Right-sizing Information to Fit Your Brain
I have been reading a number of articles dealing with the age old problem of information overload. Seth Godin blogged about Getting meta and asked if information about information is now more important than the actual content we're seeking. It is in a tag and search society!
Tom Davenport purported in the Harvard Business Review that we are "info-satisficing" - being satisfied with sacrificing quality. I have examined this "good enough" quandary in my own blog.
Are we sacrificing quality because there is just too much information in too many channels to possibly read let alone absorb? I still receive six print magazine subscriptions (I just can't move to nationalgeographic.com; I like the glossy photos) on top of my very active Google Reader account, Twitter stream, Facebook and YouTube channels I follow. I can't seem to get on any other social medium right now or my head will explode.

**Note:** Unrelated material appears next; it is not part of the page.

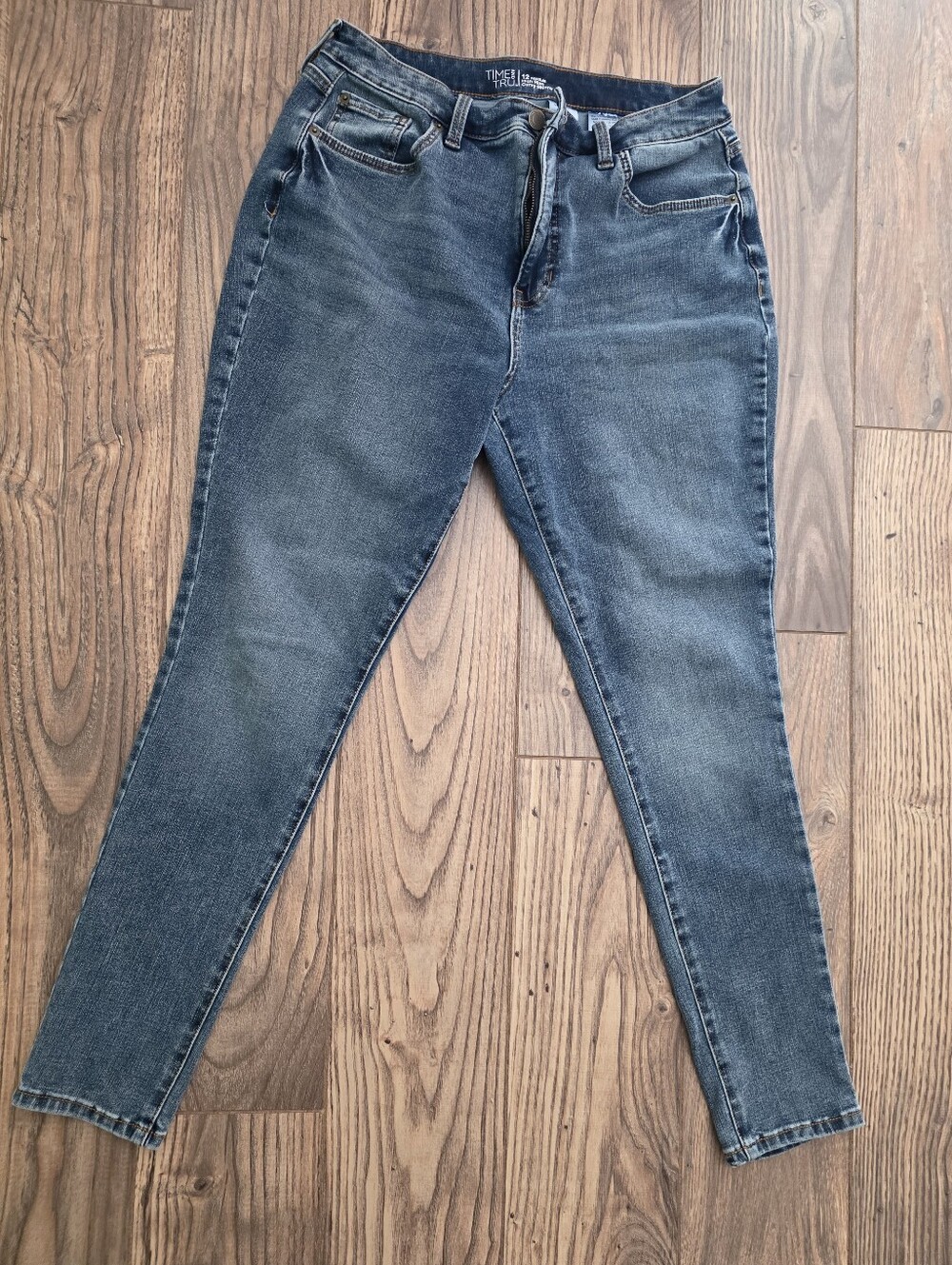 Time and Tru High-Rise Curvy Skinny Jeans Size 12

Because of weather conditions, I settled for Skyping family instead of traveling to see them over the holiday. Instead of scheduling my time around when Modern Family comes on, I go to Hulu and watch it at my leisure. I can't even find time to DVR the show!
I don't know if we are sacrificing quality or just fitting the medium and level of content to the time we have. Would I have preferred to see family in person for the holiday than on my LCD? Yes. But, Mother Nature had a different plan. I can control what I receive, what I subscribe to and what I read. I used to feel under pressure to keep up on every medium but I don't anymore.
Information is widely available but we have the power to filter and do so in the easiest way ever...thanks to technology advances. So, are we getting what we need? Are we sacrificing quality? Are we "overloaded"?
The answer is probably "yes" but I find that I am more selective than I used to be when I entered the socialsphere. I don't accept every friend invite on Facebook. I don't follow 5,000 people on Twitter. I don't have RSS feeds from 500 blogs.
I pick and choose what I want carefully and I keep my six magazine subscriptions to ensure I have in-depth articles to not only spark an immediate thought in my brain but to have real, developed arguments and facts to consider. I still buy crime novels in paper because while Kindle is available, I'm not there yet. But, that's just me.